Loop for interactive sampling

Suppose we wish to take 100,000 samples with 10 breaks (\(B=10\)). So, we will be taking \(S=1000\) samples per break. First, we will run the sample for only 100 samples and store the final value of the chain as the starting value for our large scale sampler.

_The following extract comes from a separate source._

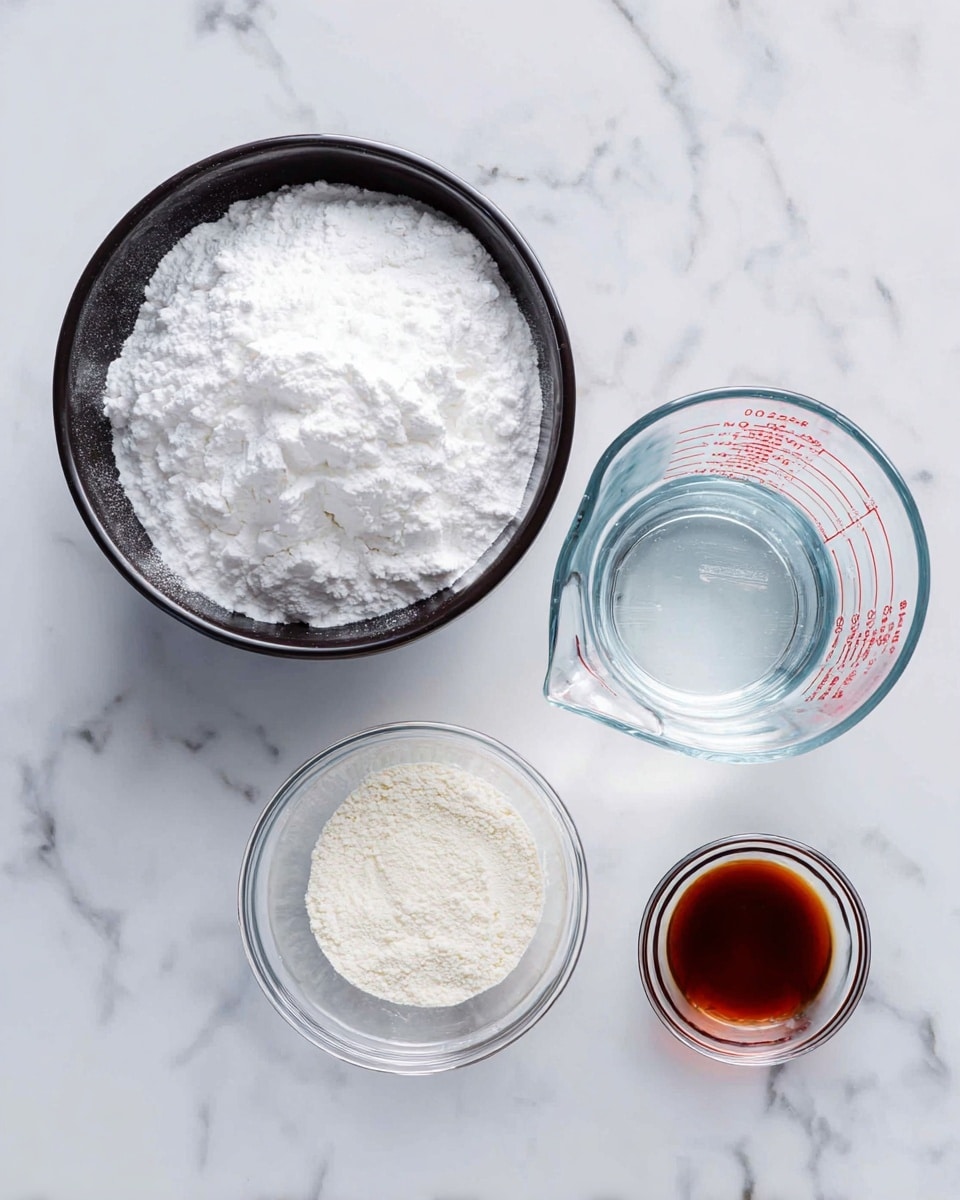 The image shows four containers on a white marbled surface: a large white bowl filled with a fluffy white powdery substance on the left, a clear measuring jug with water near the top right, a small clear bowl with a finer white powder below the jug, and a tiny clear bowl with a golden brown liquid next to the small bowl. All items are neatly arranged with good lighting, showing fine textures of powders and smooth glass surfaces. Photo taken with an iphone --ar 4:5 --v 7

This isn't strictly necessary.

S = 10000
B = 10

# get decent starting values (and define chain_state)
# !!! Or Load Starting Values as last row in trace below !!!
with model:
    step = pm3.Metropolis()
    start_trace = pm3.sample(100, step=step)
    chain_state = start_trace[-1].copy()
    chain_state_df = pm3.trace_to_dataframe(start_trace).tail(1)

with model:
    for i in range(B):
        startvals = chain_state
        step = pm3.Metropolis()
        trace_m = pm3.sample(S, step=step, start=startvals)
        #
        # for this b, record starting chain_state and trace_mb
        #
        trace_mb = pm3.trace_to_dataframe(trace_m)[['mu','sigma']]
        # connect to database and store table
        connection = engine.connect()
        chain_state_df['timestamp'] = pd.to_datetime('now')
        # note that hash_id allows you to match chain_state to sample it came from
        hash_id = hashlib.md5(str(pd.to_datetime('now')).encode('utf-8')).hexdigest()
        chain_state_df['id'] = hash_id
        trace_mb['id'] = hash_id
        chain_state_df.to_sql("chain_state", connection, if_exists='append', index=False)
        trace_mb.to_sql("trace", connection, if_exists='append', index=False)
        # recover the ending chain state dict for starting sampler above
        chain_state = trace_m[-1].copy()
        chain_state_df = pm3.trace_to_dataframe(trace_m).tail(1)
        connection.close()

# =read_sql= to retrieve data
query1 = """select * from chain_state;"""
query2 = """select * from trace;"""

connection = engine.connect()
resoverall = connection.execute(query1)
chain_state_all = pd.DataFrame(resoverall.fetchall())
chain_state_all.columns = resoverall.keys()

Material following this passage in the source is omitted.